START Supplied data

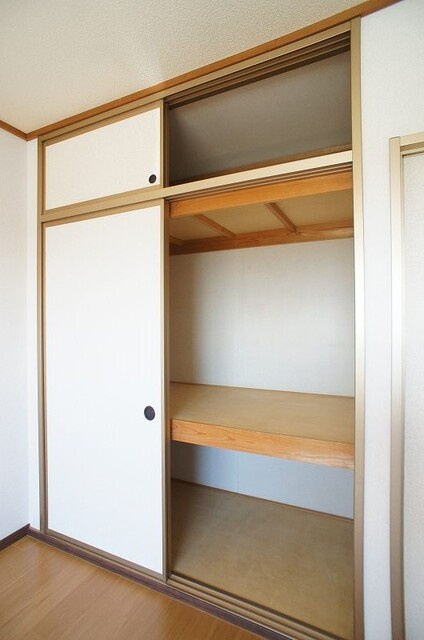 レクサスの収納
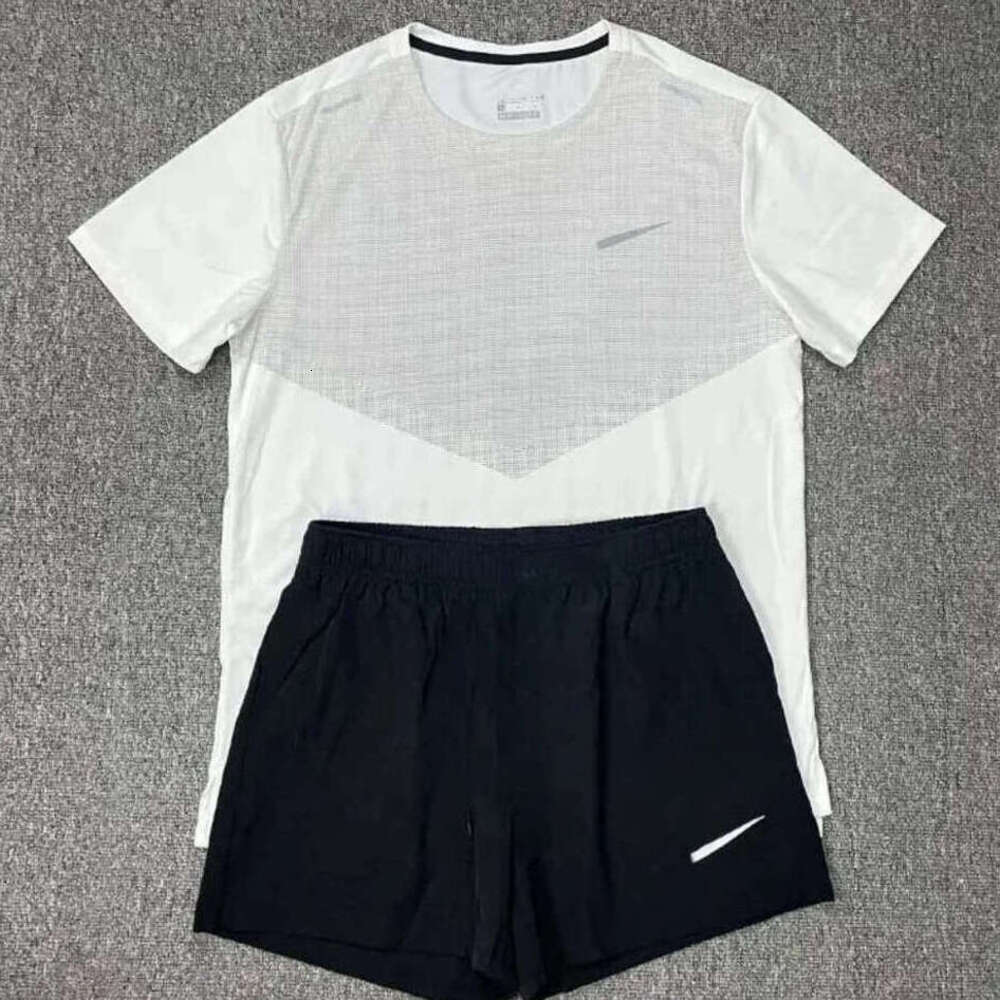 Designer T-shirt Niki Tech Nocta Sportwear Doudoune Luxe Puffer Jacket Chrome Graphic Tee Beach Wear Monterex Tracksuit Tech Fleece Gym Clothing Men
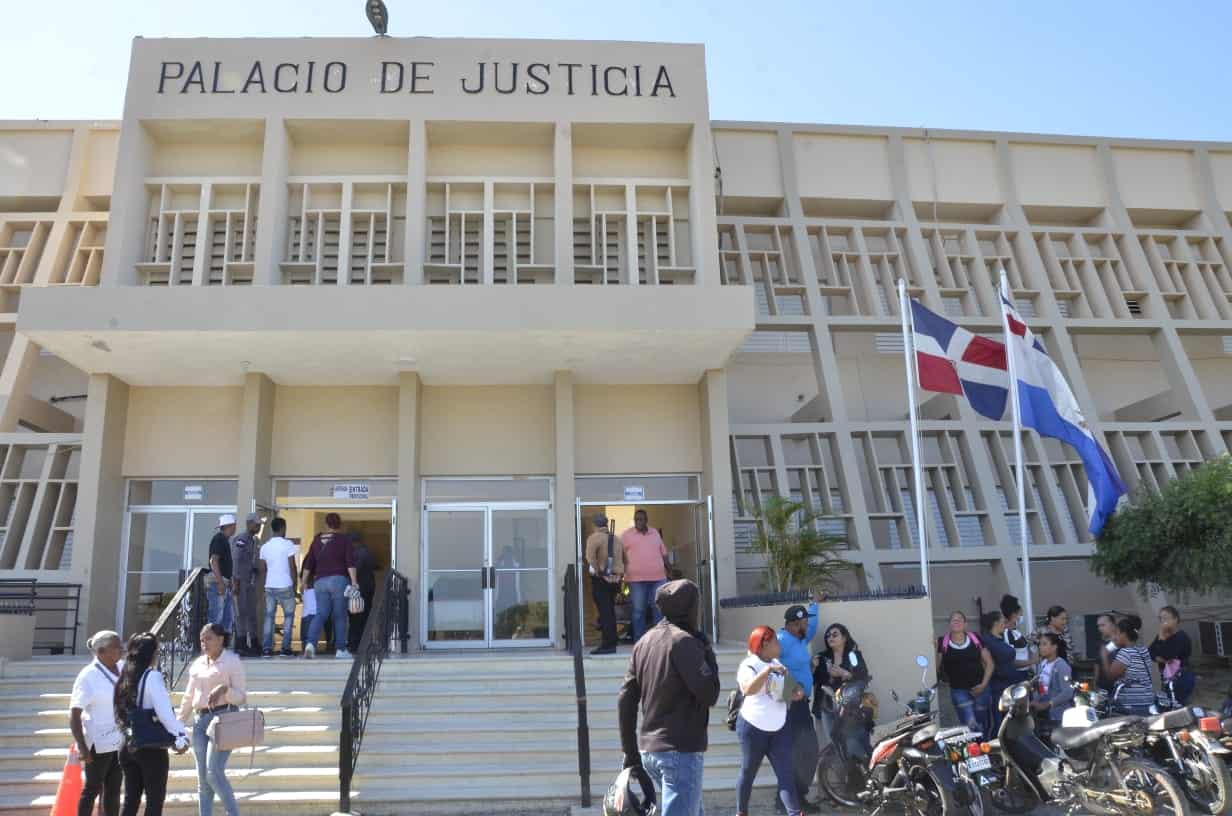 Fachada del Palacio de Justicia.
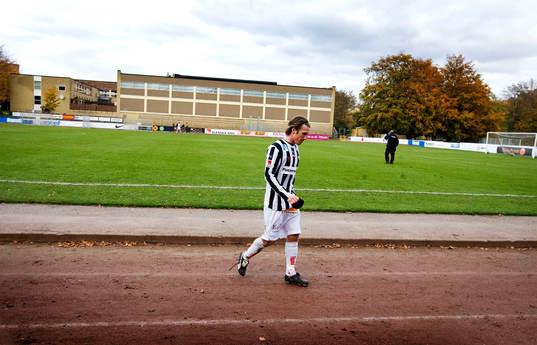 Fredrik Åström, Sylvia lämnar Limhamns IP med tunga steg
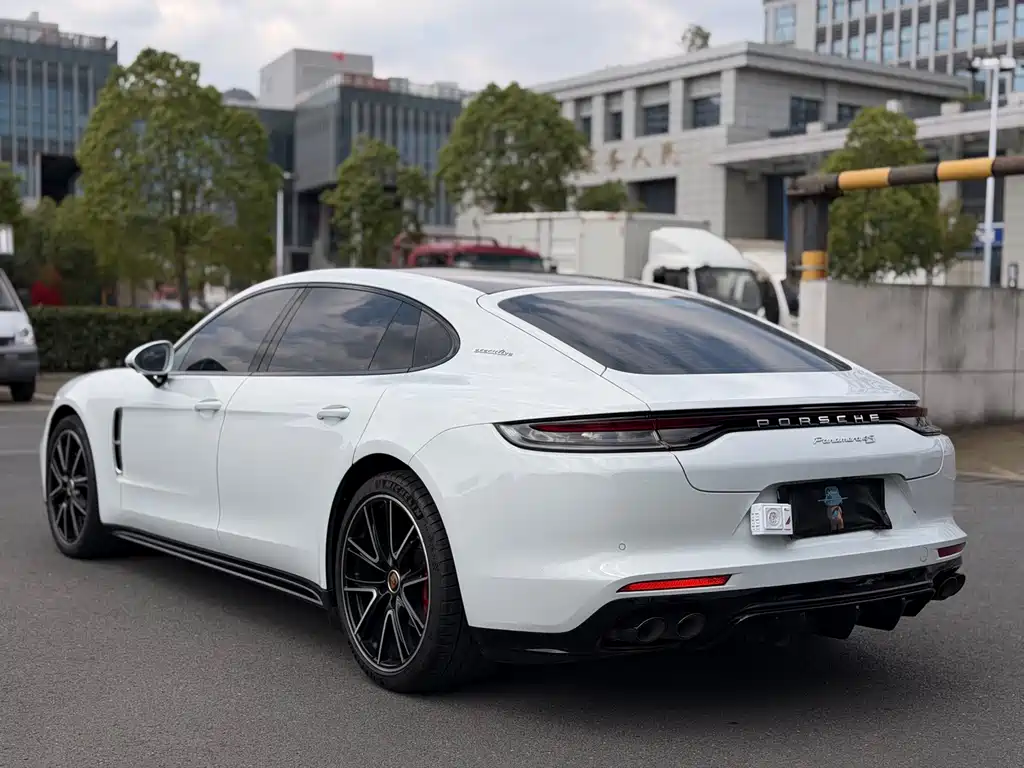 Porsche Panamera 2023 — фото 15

END Supplied data

Exercise instructions => Omit every picture while printing the data word for word.

Task response =>
 レクサスの収納
 Designer T-shirt Niki Tech Nocta Sportwear Doudoune Luxe Puffer Jacket Chrome Graphic Tee Beach Wear Monterex Tracksuit Tech Fleece Gym Clothing Men
 Fachada del Palacio de Justicia.
 Fredrik Åström, Sylvia lämnar Limhamns IP med tunga steg
 Porsche Panamera 2023 — фото 15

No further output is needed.